• **WHAT IS NEEDED**: The required result is the number of lines in this material containing the word "High". Write that number and no other text.

= Beginning of Section =

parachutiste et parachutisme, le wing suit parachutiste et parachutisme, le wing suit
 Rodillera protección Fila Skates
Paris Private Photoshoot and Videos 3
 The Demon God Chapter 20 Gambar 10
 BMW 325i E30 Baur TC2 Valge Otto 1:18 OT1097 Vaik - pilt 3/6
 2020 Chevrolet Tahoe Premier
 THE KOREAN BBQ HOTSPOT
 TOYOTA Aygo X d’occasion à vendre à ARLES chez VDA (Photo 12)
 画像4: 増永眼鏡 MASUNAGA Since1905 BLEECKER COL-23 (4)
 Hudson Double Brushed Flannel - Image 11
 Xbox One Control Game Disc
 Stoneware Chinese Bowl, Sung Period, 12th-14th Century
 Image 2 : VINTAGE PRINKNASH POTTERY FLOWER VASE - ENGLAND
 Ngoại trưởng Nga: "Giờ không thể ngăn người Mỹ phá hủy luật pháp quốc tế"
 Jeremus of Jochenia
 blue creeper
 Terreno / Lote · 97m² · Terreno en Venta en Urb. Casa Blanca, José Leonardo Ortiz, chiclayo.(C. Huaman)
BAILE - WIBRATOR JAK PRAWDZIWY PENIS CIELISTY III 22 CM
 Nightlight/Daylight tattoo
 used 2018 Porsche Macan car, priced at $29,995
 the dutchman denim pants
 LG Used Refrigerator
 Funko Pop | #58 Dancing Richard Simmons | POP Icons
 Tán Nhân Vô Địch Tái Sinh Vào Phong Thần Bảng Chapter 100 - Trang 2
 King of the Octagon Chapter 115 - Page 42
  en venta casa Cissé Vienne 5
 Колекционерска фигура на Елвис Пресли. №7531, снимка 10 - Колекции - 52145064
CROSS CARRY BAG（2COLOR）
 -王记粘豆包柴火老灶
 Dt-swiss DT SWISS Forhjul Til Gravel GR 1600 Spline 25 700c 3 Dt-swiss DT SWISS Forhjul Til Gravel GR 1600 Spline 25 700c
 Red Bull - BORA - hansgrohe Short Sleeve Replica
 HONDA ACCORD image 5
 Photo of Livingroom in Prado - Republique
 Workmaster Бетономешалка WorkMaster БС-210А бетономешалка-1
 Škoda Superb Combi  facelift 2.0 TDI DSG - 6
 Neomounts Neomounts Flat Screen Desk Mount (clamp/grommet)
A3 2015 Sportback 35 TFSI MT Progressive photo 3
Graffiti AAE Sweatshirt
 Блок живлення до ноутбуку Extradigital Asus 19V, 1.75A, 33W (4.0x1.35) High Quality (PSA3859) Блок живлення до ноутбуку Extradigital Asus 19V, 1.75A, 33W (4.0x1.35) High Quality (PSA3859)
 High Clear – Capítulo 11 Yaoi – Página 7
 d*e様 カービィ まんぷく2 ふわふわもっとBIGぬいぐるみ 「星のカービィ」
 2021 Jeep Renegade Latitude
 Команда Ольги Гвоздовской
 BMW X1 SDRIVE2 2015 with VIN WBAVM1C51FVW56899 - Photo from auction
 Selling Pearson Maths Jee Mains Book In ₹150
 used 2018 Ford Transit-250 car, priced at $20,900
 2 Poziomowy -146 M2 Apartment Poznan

= End of Section =

• **TASK RESPONSE**: 2